Pointer Networks
This post is mainly based on
Pointer Networks aim to solve a collection of combinatorial optimization problems which can be view as seq2seq modelling. These problems include:
- Planar convex hulls
- Delaunay triangulations
- Planar Travelling Salesman Problem (TSP)
The difference between a Pointer Network and a RNN-based Neural Machine Translation (NMT) model is: RNN based architecture requires a fixed vocabulary (e.g., rank 1-4 in the convex hull example below), whereas the “vocabulary” for a Pointer Network is the input sequence. In other words, each element of the output sequence points to an element of the input sequence, allowing the Pointer Network to produce a variable “vocabulary” sequence.
Convex hulls problem. Left: RNN-based encoder-decoder architecture, where the output dimensionality is fixed. Right: Pointer Network that produce output sequence using attention mechanism. $\Leftarrow$ represent the end token.
Problem Setup
Let:
- Input: $\mathcal{P} = (P_1, …, P_n) $ be a sequence of $n$ points/vectors.

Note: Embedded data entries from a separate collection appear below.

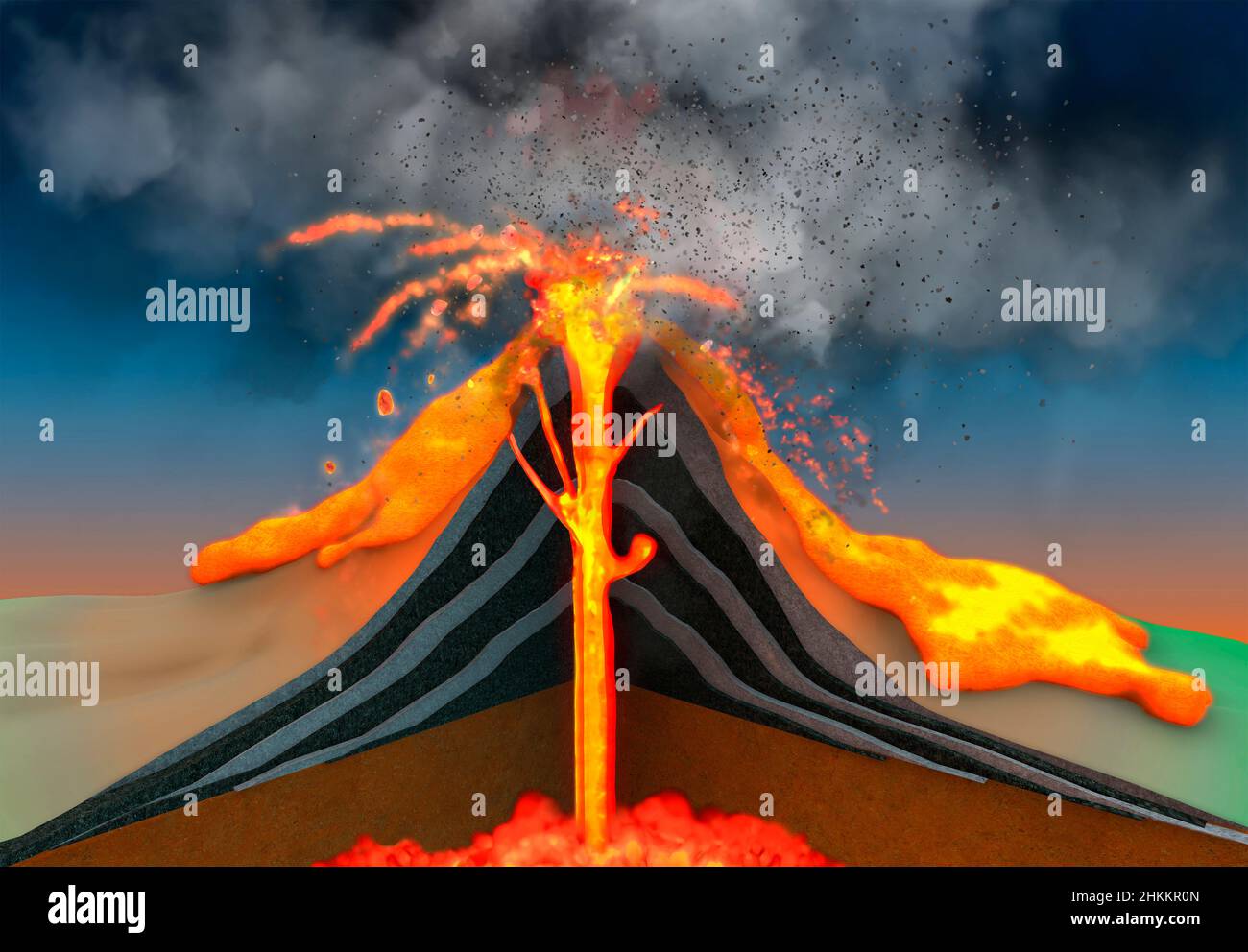 Erupción de stratovolcano, ilustración Foto de stock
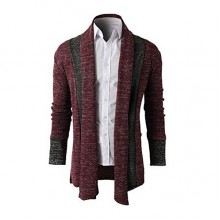 Mens Fashion Stitching Turn  down Collar Knitted Cardigans Casual Slim Fit Sweater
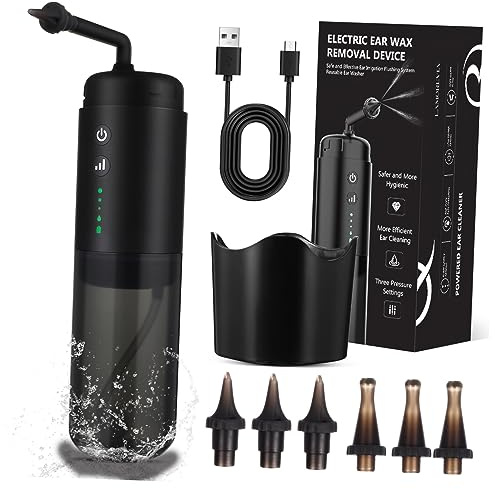 HAPINARY Eliminador De Cerumen Irrigador De Oídos Kit De Limpieza Limpiador Eléctrico Boquillas Múltiples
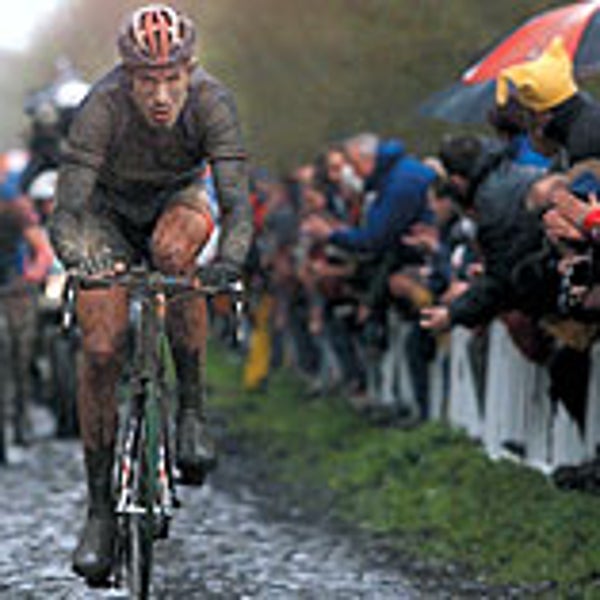 Lance's corporal: George Hincapie slogs it out in the Paris-Roubaix Race.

- Output: $C = (C_1, …, C_m)$ be a sequence of indices, with length $m$
- $C_i \in { 1, …, n }$ indicating a pointer
Then we can estimate the conditional probability of the output sequence $C$ by:
\[P(C |\mathcal{P}; \theta) = \prod_{i=1}^m p_\theta( C_i | C_1, ..., C_{i-1}, \mathcal{P}; \theta )\]where $p_\theta$ is a the conditional probability estimated by a parametric model $p_\theta$ (e.g., an RNN).
The optimization goal is:
\[\theta^* = \underset{\theta}{\operatorname{argmax}} \sum_{\mathcal{P}, C} \log P(C | \mathcal{P}; \theta)\]i.e., the maximize the expected log probability under the training set.
Attention Mechanism
Pointer network is directly connected with the RNN with Attention architecture: it removes the context vector and directly use the soft-attention vector to compute loss.
RNN with Attention
I slightly changed the notation. Let:
- $(e_1, … , e_n)$ be the encoder hidden state
- $(d_1, … , d_m)$ be the decoder hidden state
- $v, W_1, and W_2$ be the learnable parameters of the attention module
Then the un-normalized attention vector $u_i$ of decoder state $i$ to encoder state $j$ is:
\[u_i^j = v^\top \tanh (W_1 e_j + W_2 d_i)\]The attention is $a_i$:
\[a_i^j = \operatorname{softmax}(u_i^j)\]The context vector $d_i’$:
\[d_i' = \sum_{j=1}^n a_i^j e_j\]Note that the above attention operation has $O(mn)$ complexity for an output sequence of length $m$.
The context vector $d_i’$ is concatenate to the previous decoder hidden state $d_i$ to compute output.
Pointer Network
For Pointer Network, we remove all steps after the attention vector:
\[p(C_i|C_1, ... , C_{i−1}, \mathcal{P}) = a_i\]We can use the above distribution $a_i$ and ground truth $C_i^*$ to compute the cross entropy loss.
Experiments
All experiments as conduct in 2-D space.
For the convex hull problem, the Point Network can produce good approximate solutions. It also generalize well (train on 50 points and test on 500 points; approximate solution covers 99.2% area of the optimal solution).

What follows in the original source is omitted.